Maléka secoua la tête. — Il ne s’ennuie plus, dit-elle à mi-voix.
— Elle est ici ? s’écria Zobeïdeh.
— Par pitié, Zobeïdeh, calme-toi, ou je te quitte à l’instant, et je m’établis en dehors de la porte pour empêcher que qui que ce soit ne te parle.
— Non, non, je suis, je serai calme… Il a donc une nouvelle favorite !…
Elle demeura quelque temps la tête cachée entre ses mains et sans parler ; puis elle découvrit son visage, qui ne laissait plus voir aucune émotion, et elle reprit : — D’où vient-elle ? qui est-elle ?
— Elle ne vient pas de loin, et tu la connais, puisqu’elle est de tes esclaves.
— Mes esclaves ! impossible ! N’ai-je pas vendu toutes celles qui pouvaient attirer un seul de ses regards ? Ne sont-elles pas toutes affreuses ?
— Pas toutes.
— Je me souviens de chacune d’elles ; je les vois en ce moment comme je te vois, Maléka, et il n’en est aucune…
— Shemséh[1] !
— Shemséh ! dis-tu ? Mais tu plaisantes, Maléka. Cette petite fille si noire, au nez aplati, à la bouche immense, maigre, décharnée, repoussante !

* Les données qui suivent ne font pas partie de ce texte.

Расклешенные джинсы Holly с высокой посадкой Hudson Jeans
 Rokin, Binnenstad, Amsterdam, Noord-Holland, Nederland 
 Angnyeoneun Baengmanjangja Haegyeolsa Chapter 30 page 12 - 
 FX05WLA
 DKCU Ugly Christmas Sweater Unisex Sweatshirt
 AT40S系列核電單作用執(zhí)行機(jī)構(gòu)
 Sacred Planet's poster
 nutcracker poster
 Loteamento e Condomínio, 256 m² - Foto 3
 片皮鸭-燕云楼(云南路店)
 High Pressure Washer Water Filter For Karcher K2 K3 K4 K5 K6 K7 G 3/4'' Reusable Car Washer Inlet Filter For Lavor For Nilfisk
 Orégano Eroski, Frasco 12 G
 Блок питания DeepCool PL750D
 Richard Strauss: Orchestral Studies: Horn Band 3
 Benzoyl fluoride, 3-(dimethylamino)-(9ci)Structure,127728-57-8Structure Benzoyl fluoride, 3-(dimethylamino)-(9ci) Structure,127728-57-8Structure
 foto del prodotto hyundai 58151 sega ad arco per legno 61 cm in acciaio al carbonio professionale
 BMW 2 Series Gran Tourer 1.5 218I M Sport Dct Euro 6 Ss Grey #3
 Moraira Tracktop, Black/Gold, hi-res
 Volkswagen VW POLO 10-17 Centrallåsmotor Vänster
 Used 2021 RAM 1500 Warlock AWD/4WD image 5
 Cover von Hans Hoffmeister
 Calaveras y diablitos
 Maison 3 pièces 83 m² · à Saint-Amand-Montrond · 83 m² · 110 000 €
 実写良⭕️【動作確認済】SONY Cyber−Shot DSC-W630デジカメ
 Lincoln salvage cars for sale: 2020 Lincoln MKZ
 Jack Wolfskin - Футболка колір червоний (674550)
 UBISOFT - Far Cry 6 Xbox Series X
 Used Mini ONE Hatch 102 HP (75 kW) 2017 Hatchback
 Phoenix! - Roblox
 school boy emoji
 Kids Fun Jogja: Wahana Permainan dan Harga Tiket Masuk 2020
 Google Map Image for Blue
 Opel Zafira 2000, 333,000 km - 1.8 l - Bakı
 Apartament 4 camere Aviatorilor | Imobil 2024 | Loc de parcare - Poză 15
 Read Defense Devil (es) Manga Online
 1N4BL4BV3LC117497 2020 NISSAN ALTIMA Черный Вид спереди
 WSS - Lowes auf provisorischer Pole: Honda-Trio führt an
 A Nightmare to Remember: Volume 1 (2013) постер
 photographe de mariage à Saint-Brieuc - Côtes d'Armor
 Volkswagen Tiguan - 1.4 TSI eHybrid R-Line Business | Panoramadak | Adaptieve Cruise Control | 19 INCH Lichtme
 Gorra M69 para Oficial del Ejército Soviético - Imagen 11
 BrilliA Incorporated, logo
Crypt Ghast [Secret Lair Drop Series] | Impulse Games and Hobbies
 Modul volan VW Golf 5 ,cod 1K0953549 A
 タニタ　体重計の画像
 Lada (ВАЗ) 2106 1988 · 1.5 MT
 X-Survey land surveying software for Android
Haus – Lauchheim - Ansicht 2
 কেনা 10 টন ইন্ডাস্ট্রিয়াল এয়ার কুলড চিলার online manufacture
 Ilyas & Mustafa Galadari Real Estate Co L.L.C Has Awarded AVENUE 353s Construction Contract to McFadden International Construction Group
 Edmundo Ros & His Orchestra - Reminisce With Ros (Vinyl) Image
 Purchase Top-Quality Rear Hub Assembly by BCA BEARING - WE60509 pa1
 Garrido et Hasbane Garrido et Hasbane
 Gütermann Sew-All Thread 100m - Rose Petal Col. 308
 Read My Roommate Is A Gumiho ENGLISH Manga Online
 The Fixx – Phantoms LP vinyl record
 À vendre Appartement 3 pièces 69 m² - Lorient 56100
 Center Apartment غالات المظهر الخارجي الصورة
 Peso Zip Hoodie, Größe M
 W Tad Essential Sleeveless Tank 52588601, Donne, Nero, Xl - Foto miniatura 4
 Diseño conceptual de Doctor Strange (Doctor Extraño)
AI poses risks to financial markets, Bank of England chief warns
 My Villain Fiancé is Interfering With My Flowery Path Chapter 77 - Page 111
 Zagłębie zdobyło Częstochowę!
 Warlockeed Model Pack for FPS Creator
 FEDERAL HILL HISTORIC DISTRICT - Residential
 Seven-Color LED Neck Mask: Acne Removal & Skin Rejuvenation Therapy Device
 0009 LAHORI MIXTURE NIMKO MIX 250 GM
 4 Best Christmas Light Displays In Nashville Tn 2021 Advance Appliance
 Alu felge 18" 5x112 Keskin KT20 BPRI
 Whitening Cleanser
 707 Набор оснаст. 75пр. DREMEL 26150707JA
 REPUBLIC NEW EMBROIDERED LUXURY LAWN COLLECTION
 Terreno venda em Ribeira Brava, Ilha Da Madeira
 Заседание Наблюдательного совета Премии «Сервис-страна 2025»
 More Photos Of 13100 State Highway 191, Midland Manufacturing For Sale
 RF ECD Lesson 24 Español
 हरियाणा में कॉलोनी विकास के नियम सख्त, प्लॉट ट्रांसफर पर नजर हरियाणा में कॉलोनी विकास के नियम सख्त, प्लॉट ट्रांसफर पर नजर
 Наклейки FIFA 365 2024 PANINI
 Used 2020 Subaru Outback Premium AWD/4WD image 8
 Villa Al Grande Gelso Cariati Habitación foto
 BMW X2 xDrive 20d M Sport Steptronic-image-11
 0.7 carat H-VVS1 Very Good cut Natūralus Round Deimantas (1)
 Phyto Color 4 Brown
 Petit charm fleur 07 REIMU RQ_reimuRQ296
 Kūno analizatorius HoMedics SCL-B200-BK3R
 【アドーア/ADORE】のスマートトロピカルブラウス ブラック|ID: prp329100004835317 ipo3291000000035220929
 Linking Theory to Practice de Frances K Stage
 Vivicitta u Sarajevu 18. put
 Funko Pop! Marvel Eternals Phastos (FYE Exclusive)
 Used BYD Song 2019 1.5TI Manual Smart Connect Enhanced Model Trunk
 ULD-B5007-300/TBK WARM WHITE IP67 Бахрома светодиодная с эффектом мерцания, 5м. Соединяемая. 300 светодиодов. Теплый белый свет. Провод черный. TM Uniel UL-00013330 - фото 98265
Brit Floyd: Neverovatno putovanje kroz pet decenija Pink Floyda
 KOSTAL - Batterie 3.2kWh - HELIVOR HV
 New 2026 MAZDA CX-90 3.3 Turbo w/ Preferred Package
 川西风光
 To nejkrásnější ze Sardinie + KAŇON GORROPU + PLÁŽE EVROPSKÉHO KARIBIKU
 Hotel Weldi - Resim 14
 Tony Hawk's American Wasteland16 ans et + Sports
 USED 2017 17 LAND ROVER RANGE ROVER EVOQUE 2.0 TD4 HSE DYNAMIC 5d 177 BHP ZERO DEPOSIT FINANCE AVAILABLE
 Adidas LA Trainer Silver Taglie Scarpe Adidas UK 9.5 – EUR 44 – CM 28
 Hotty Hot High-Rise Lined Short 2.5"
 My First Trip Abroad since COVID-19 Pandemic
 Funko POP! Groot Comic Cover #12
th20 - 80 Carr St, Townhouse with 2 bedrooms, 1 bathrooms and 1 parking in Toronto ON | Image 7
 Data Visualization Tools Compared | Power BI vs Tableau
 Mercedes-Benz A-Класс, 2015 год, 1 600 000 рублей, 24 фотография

— Que te dirai-je ? Elle était telle que tu la décris ; mais elle est dans l’âge des transformations. Sa taille s’est arrondie et élancée, son teint a blanchi et ses mains aussi ; sa bouche est toujours grande, mais ses dents, depuis qu’elle les soigne, sont devenues des perles ; ses yeux ont toujours été fort beaux. Enfin Osman l’a trouvée à son goût ; elle est gaie, vive, et elle le fait rire. Du courage et de la patience, chère Zobeïdeh ; la révolte ne ferait qu’aggraver le mal.
Il fallut du temps à Zobeïdeh pour se résigner, du moins en apparence ;
- ↑ Littéralement Ombrelle, nom assez commun parmi les esclaves des harems.